Weather forecasting affects many industries in subtle, but pivotal ways. Temperature and precipitation forecasts help farmers cultivate crops. The viability of the crop affects how it’s priced in markets. How well the produce sells affects consumers, businesses, and the economy. A supply chain also has a forecasting component, and as VMC Supply Chain Manager Tammy Walker explains, decisions made in the planning phase of a chain can have long-lasting effects.
The planning stage of the supply chain management has a strong marketing component, which drives supply chain management. Those in marketing will look at sales based on seasonality from past years, forecast market trends, and choose items to procure and stock that will meet consumer demand. Introducing new products to the market takes considerable forethought and planning. Also, as new products are introduced, new SKUs are created, which require a specific lead time. There are just many moving parts to set in motion and keep track of. Believe it or not, items that will be stocked during the holidays at the end of the year were purchased at the beginning of summer.

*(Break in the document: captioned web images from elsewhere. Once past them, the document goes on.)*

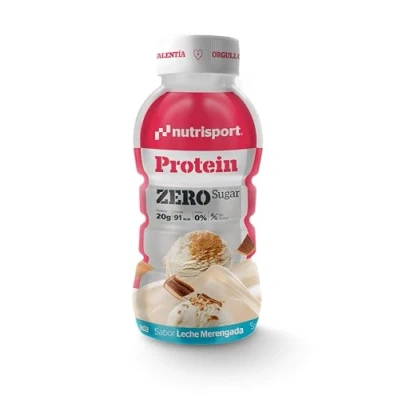 Imagen de NUTRISPORT Protein Zero Suplementos Deportivos Proteinas para Masa Muscular Batidos de Leche Adelgazar Gym 12x330ml (330 ml, Merengada)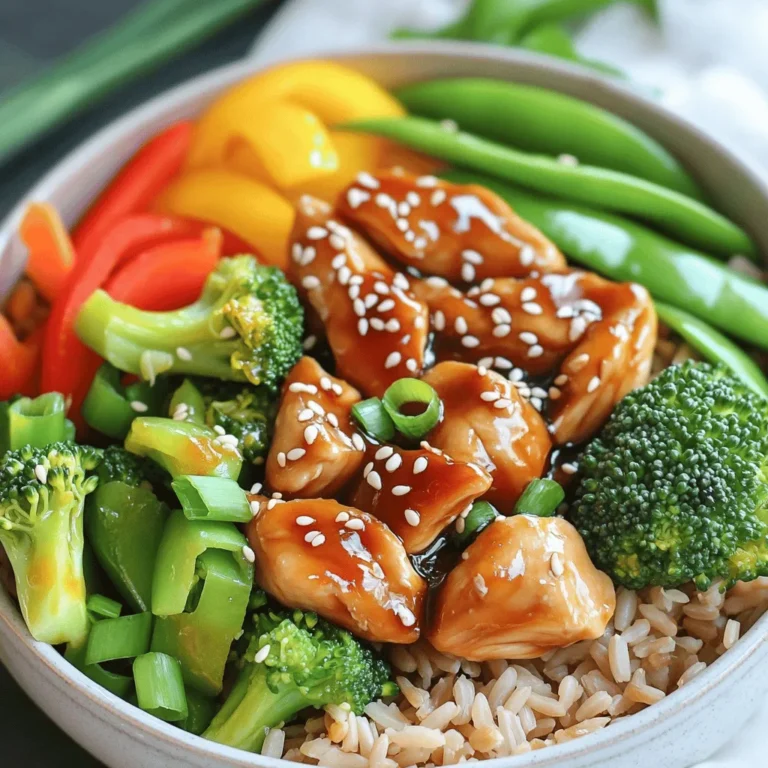 To make a tasty teriyaki chicken bowl, you need some basic ingredients. Here’s what you’ll need: - 2 large chicken breasts, sliced into bite-sized pieces - 1 cup broccoli florets - 1 cup bell peppers, sliced (red, yellow, or orange) - 1 cup snap peas - 2 cups cooked brown rice - ¼ cup soy sauce (low-sodium preferred) - 2 tablespoons honey - 1 tablespoon sesame oil - 1 tablespoon rice vinegar - 2 garlic cloves, minced - 1 teaspoon fresh ginger, minced - 1 tablespoon cornstarch mixed with 2 tablespoons water (for thickening the sauce) - Sesame seeds for garnish - Green onions, sliced for garnish These ingredients come together to create a delicious meal. The chicken gives protein, while the veggies add color and crunch. The sauce ties it all together with sweet and savory flavors. You can add more fun with extra ingredients and garnishes. Consider these options: - Carrots, shredded or sliced - Cabbage, thinly sliced - Edamame, shelled - Avocado, sliced - Nori sheets, cut into strips These extras bring new textures and flavors. You can mix and match to suit your taste. Feeling creative? You can customize your teriyaki bowls even more. Here are some ideas: - Use tofu instead of chicken for a vegetarian option. - Swap brown rice for quinoa or cauliflower rice. - Try different sauces, like sweet chili or hoisin sauce. - Add hot sauce if you like some heat. Customization makes your meal unique. Don’t hesitate to experiment with different ingredients. The possibilities are endless! If you want to see the full recipe, check the section above. First, gather your ingredients. You will need soy sauce, honey, sesame oil, rice vinegar, garlic, and ginger. In a medium bowl, whisk these together. This sauce gives your chicken a sweet, savory flavor. Set it aside for now. Next, heat a large skillet or wok over medium-high heat. Add a small amount of oil. Once hot, add the sliced chicken pieces. Cook them for about 5 to 7 minutes. You want them browned and fully cooked. Once done, remove the chicken from the skillet and set it aside. Now, in the same skillet, add your broccoli, bell peppers, and snap peas. Stir-fry these for about 3 to 4 minutes. You want them to be tender but still crunchy. This keeps the bright colors and fresh taste. Return the cooked chicken to the skillet. Pour the teriyaki sauce over the chicken and vegetables. Stir well to coat everything. Next, add the cornstarch mixture to thicken the sauce. Cook for another 2 to 3 minutes. This helps the sauce stick to the ingredients. To serve, put a scoop of cooked brown rice in each bowl. Top with the teriyaki chicken and veggies. Finally, garnish with sesame seeds and sliced green onions. Enjoy your tasty meal! For the complete details, check the Full Recipe. To make your teriyaki chicken bowls pop, focus on your sauce. Use fresh ingredients like garlic and ginger. They add a punch of flavor! Also, let your chicken marinate in the sauce for 30 minutes. This soak time lets the flavors seep in. If you can, use low-sodium soy sauce. It keeps the dish tasty without being too salty. Cooking chicken can be simple if you follow a few tips. First, cut your chicken into small pieces. This helps it cook evenly. Use a hot skillet or wok. This creates a nice sear on the chicken. Searing gives your meat a great flavor and texture. Cook until the chicken is golden brown and no longer pink inside. That should take about 5-7 minutes. Cooking brown rice can be tricky, but it's easy with the right steps. Start by rinsing the rice under cold water. This removes excess starch and helps it cook better. Then, use a ratio of 1 part rice to 2 parts water. Bring the water to a boil before adding the rice. Cover the pot and lower the heat. Let it simmer for about 45 minutes. Afterward, let it sit for 10 minutes before fluffing with a fork. Perfect brown rice makes your teriyaki chicken bowls complete! {{image_2}} You can easily make teriyaki bowls vegetarian or vegan. Swap chicken for tofu. Use firm tofu for the best texture. Press it to remove excess water, then cut it into cubes. Marinate it in the same teriyaki sauce. Cook it until golden and crispy. You can also use tempeh or seitan for added protein. For veggies, add mushrooms or eggplant. They soak up the sauce well. If you want different proteins, try shrimp or salmon. Shrimp cooks quickly and adds great flavor. Just toss it in the skillet after the veggies. Salmon gives a rich taste. Cook it skin-side down to keep it moist. You can even use grilled chicken thighs for a juicier option. Each protein brings its own twist to the teriyaki experience. You can switch up the flavor by using different sauces. Try hoisin sauce for sweetness and depth. Sriracha adds a spicy kick if you like heat. Add peanut sauce for a nutty twist. You can also mix in orange juice for a citrusy touch. Experiment with these sauces to find your favorite flavor. Each variation makes the bowl unique and fun. For more ideas, check out the Full Recipe. To keep your teriyaki chicken bowls fresh, let them cool first. Then, place them in a sealed container. Store the bowls in the fridge. They stay good for up to three days. Make sure to keep the chicken and rice separate if possible. This helps keep everything fresh and tasty. When you are ready to eat your leftovers, reheating is key. The best way is to use the microwave. Place the food in a microwave-safe bowl. Cover it with a damp paper towel. Heat on medium for about two minutes. Stir halfway through to ensure even heating. You can also reheat it on the stove. Add a splash of water to keep it moist. If you want to save some for later, freezing works great. Pack the teriyaki chicken and rice in separate containers. Use airtight bags or containers to prevent freezer burn. Label them with the date. They can last up to three months in the freezer. When you are ready to eat, thaw it overnight in the fridge before reheating. This method keeps the flavors intact. The best rice for teriyaki chicken bowls is brown rice. It has a nutty flavor and chewy texture. It also adds fiber, making your meal more filling. White rice works too, but brown rice is healthier. You can also try jasmine rice for a fragrant option. Yes, you can make teriyaki chicken in advance! Cook the chicken and veggies, then store them in the fridge. The flavors blend well if you let it sit overnight. Just reheat the dish when you are ready to eat. This saves time on busy days and is great for meal prep. To adjust the recipe for more servings, simply double or triple the ingredients. Make sure to keep the same ratios for the sauce. If you need to cook larger amounts, use a bigger pan. This way, everything cooks evenly. You can find the Full Recipe for Teriyaki Chicken Bowls in the earlier sections of this article. It contains all the details you need to make this dish. Enjoy cooking and make it your own! Teriyaki chicken bowls are easy to make and delicious. We covered the key ingredients, from the main chicken to tasty garnishes. You learned how to prepare the sauce and cook everything perfectly. We also explored tips for flavor and storage options for leftovers. Remember, you can customize these bowls easily with different proteins or sauces. Enjoy making your own teriyaki chicken bowl and have fun with it!
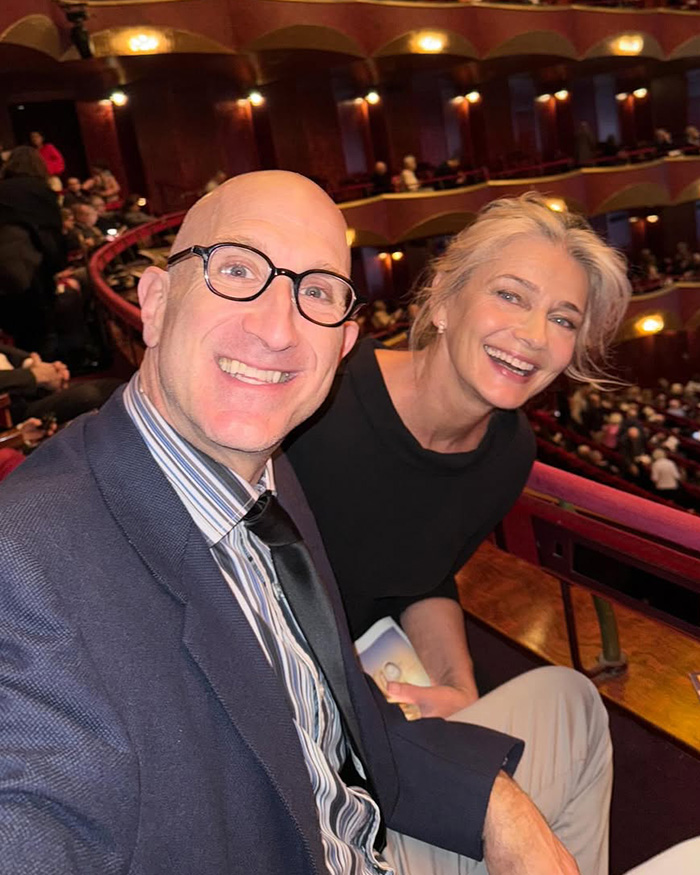 Model and her husband at a theater. Her wedding photos went viral as many praise how she aged.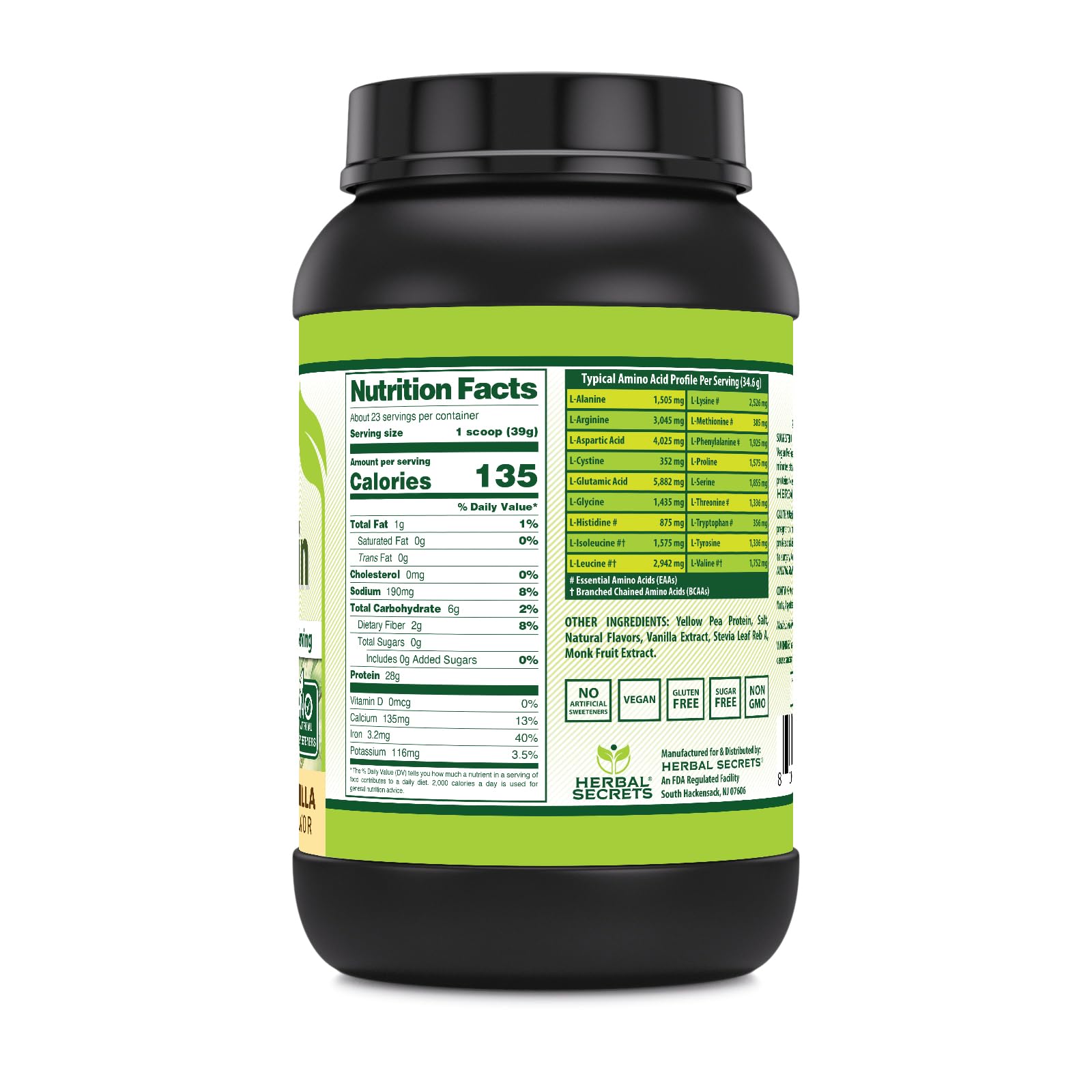 Herbal Secrets Vegan Protein vanilla scoop serving highlights convenient daily protein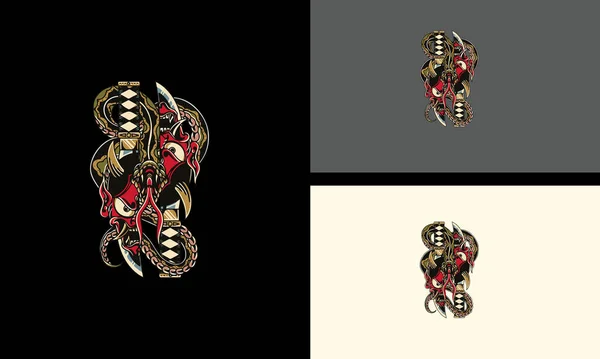 Cabeza Diablo Con Cuchillo Vector Diseño Plano — Archivo Imágenes Vectoriales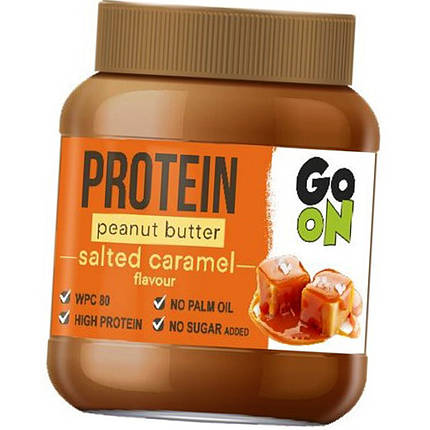 Паста арахісова GoOn Nutrition Protein Peanut Butter 350 g солона карамель, фото 3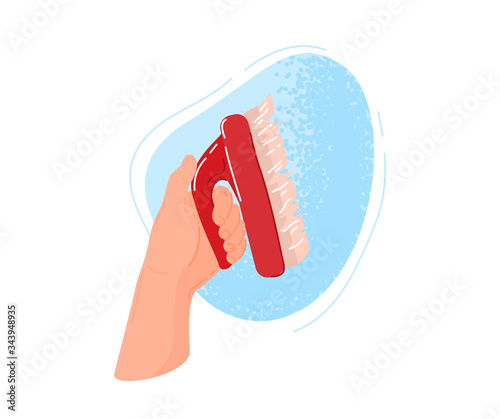 Cleaning hands stop covid, virus washing domestic tools. Disinfection equipment, sanitation isolated on white human hands cleaner service, housework set. Hygiene cleanup chores vector illustration.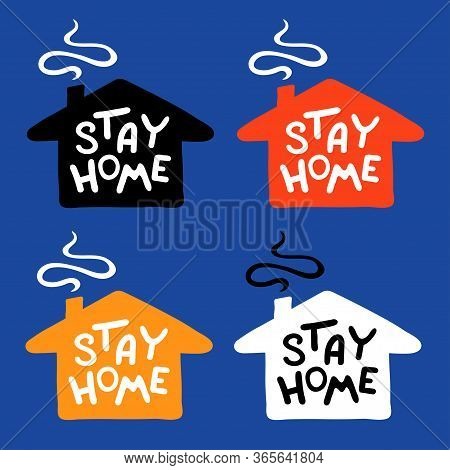 Coronavirus Collection - Stay Home Lettering - Vector Illustrations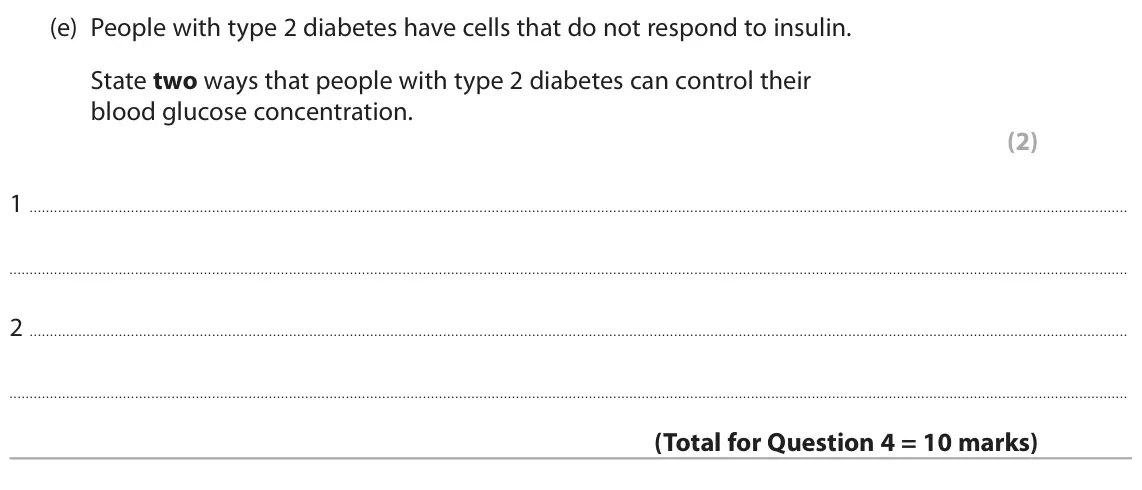 June 2024 Paper 2 Foundation, question 4(e): People with type 2 diabetes have cells that do not respond to insulin. State two ways that people with type 2 diabetes can control their blood glucose concentra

Marketing also decides how items are packaged, the way they are displayed in the stores, and other details. The supply chain manager’s job is realizing these details. Supply chain managers oversee the procurement, production, manufacturing, transportation, and display of these items.
You may have noticed that the strawberries once displayed prominently in your local grocery stores are being supplanted by oranges. The supply chain used for strawberries cannot be used for oranges for many reasons – they have different producers, for instance – so a supply chain manager has to modify the supply chain to ensure there are no disruptions. Besides being vigilant of possible issues, flexibility and adaptability are keys to a smooth supply chain.
A good supply chain manager has the ability to nimbly adjust components of a supply chain based on seasonality and trends. What are you doing to avoid turbulence in your supply chain?